Comment on Is the Fediverse stalling?
rglullis@communick.news 3 days agoOIDC gives you federated login, but no portable identity…
Comment on Is the Fediverse stalling?
rglullis@communick.news 3 days agoOIDC gives you federated login, but no portable identity…
muntedcrocodile@hilariouschaos.com 3 days ago
Oidc is the protocol by which auth can happen its the evolution of oauth. U need to build some kind of decentralised ledger then u set up a server that checks that ledger against the user provided auth then u simply make this server have an oidc endpoint allowing it to be plug and play with existing fediverse services.
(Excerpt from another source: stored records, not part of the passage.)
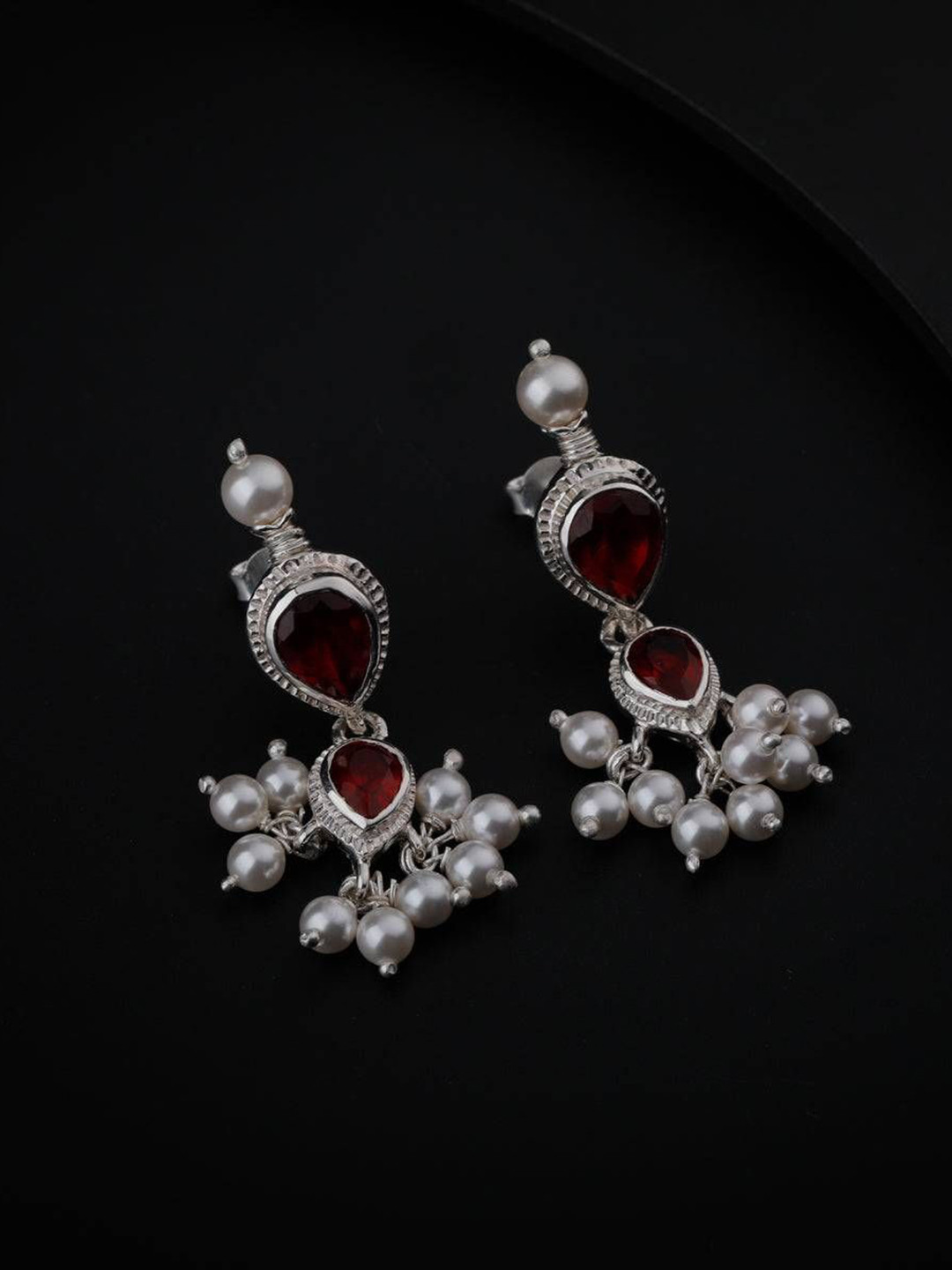 

House of Aadyaa 925 Sterling Silver Stones and Beads Classic Jhumkas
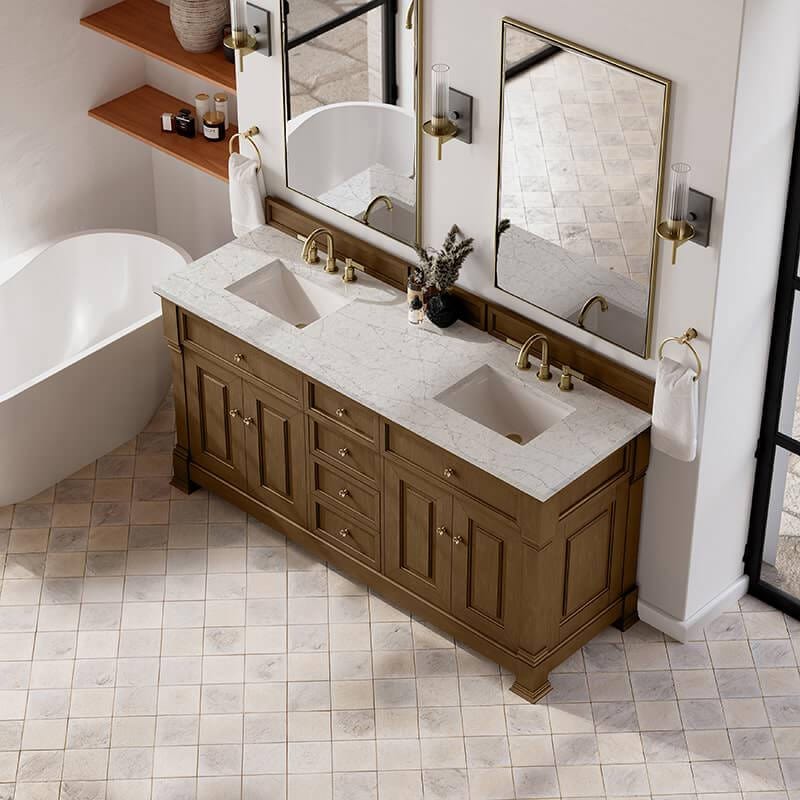 James Martin Brookfield 72 Inch Double Vanity Honey Oak With Eternal Jasmine Pearl Silestone Top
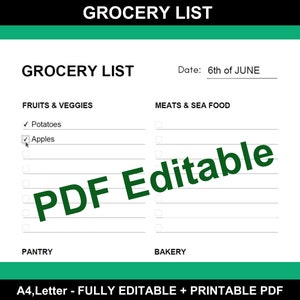 Editable Grocery List, Grocery List Template, Food Shopping List ...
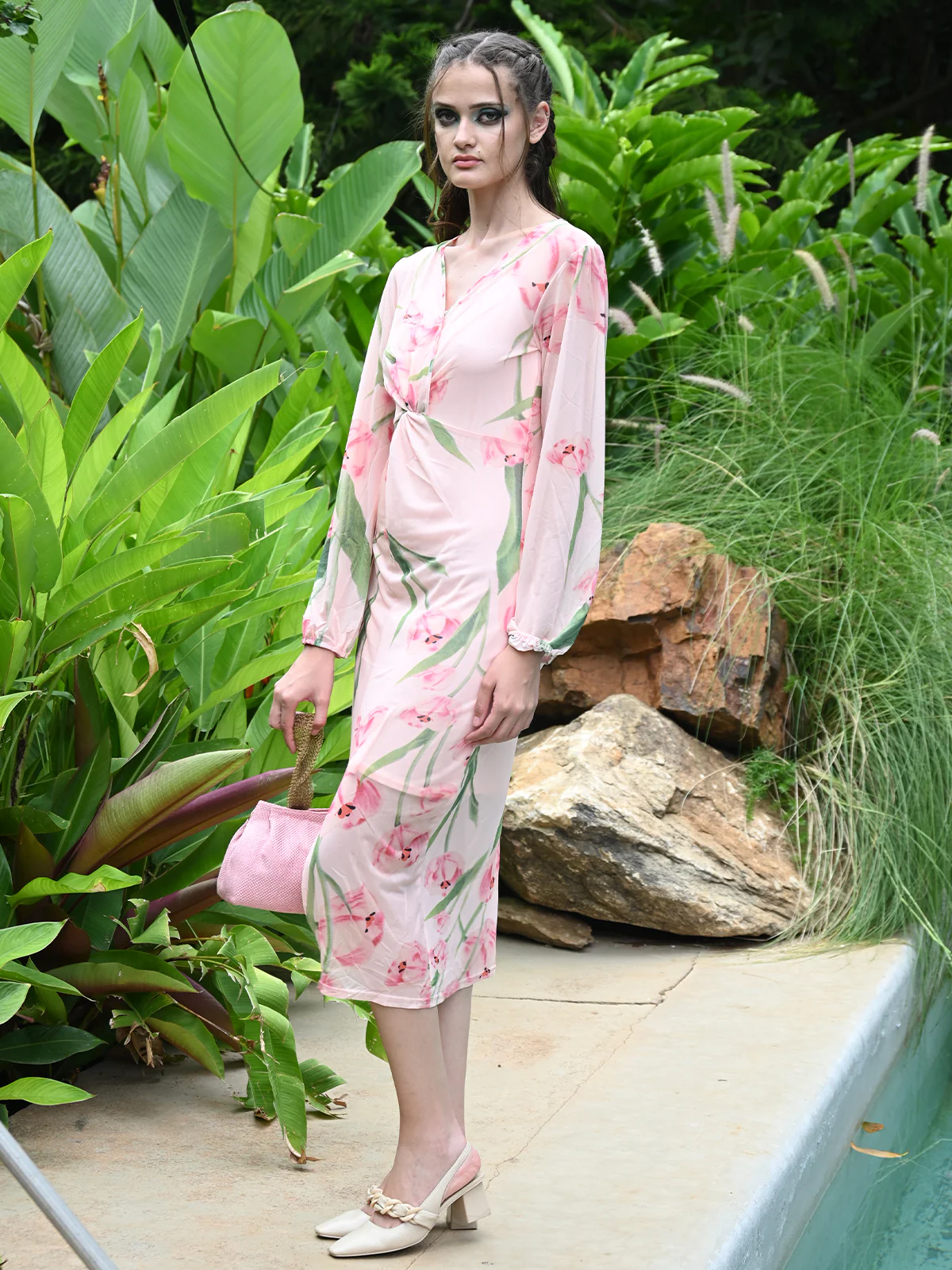 Odette Women Peach Printed Net Lycra Long Slip On Dress - Image 2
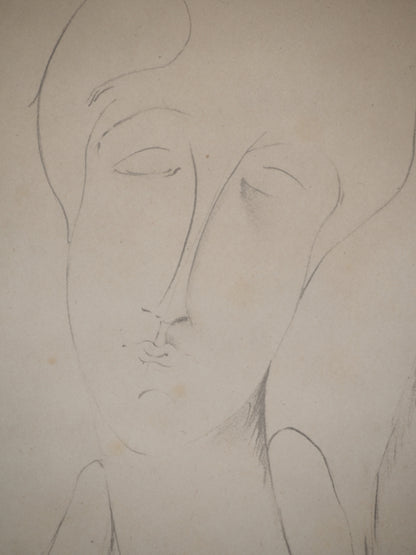 Amedeo MODIGLIANI : Etude pour un portrait - Lithographie signée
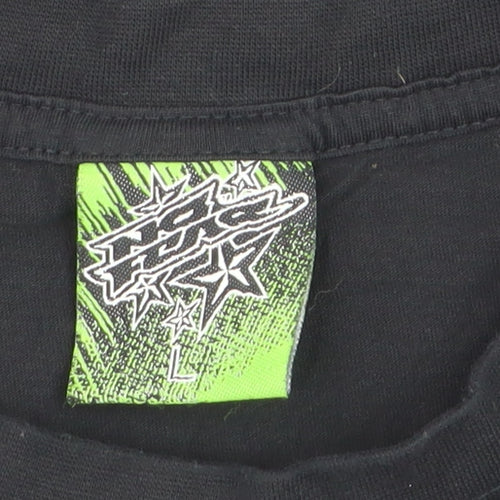 No Fear Men's Black Graphic Skull Motocross T-Shirt Size L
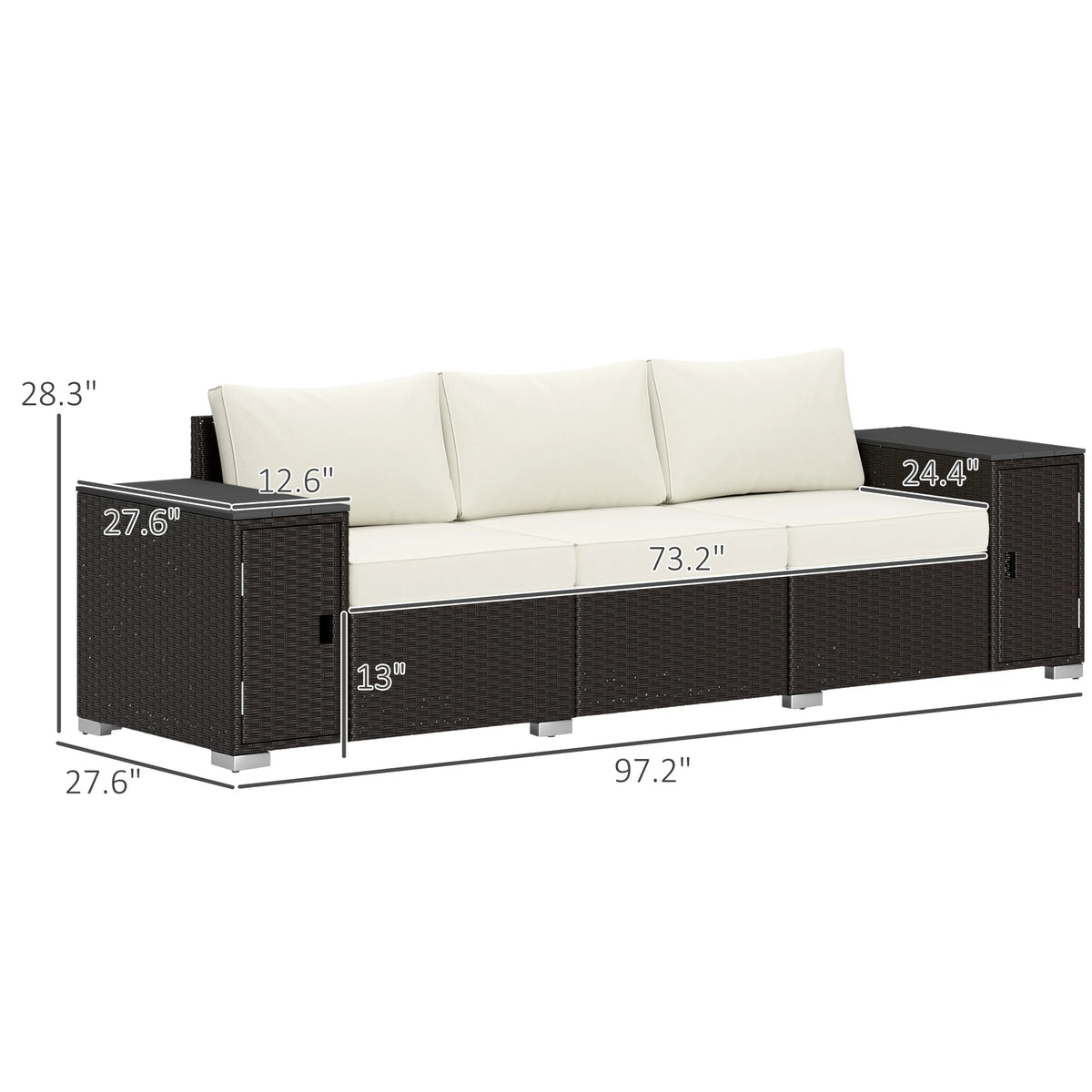 Three Seater Wicker Patio Sofa With Storage And Thick Cushions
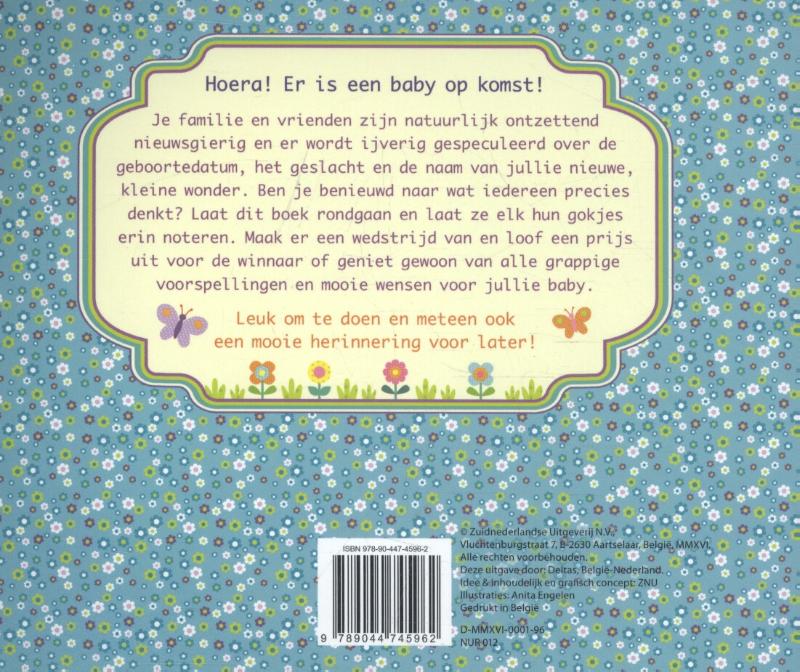 Achterkant van Baby op komst - voorspellingsboek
rglullis@communick.news 3 days ago
My point is: if you have a ledger that the user controls and can use to redirect to different auth endpoints, then you don’t need oauth. You just use the record in the ledger as the authentication mechanism directly.
muntedcrocodile@hilariouschaos.com 3 days ago
Yeah exactly. But instead of having to implement that auth process in every different fediverse service in however many different languages u simply write it once with an oidc endpoint and all fediverse services can run it as a container in their stack. It makes implementing such auth system a simple config change and updating a docker compose to add a new service.
rglullis@communick.news 3 days ago
It looks like we are talking past one-another.
What I am trying to say is that “getting the user to complete a login” is not the novel part that is missing. What we are missing is a way for the user to have control over their actor ID, so that they use the same id regardless of what user that id is delegated to.
So, unless I am misunderstanding you, what you are proposing is an OIDC provider which could be used to authenticate on any other service. That’s good, but it doesn’t solve the problem that if we had an unified OIDC provider without a DID, all of the actor ids would end up dependent on the OIDC provider.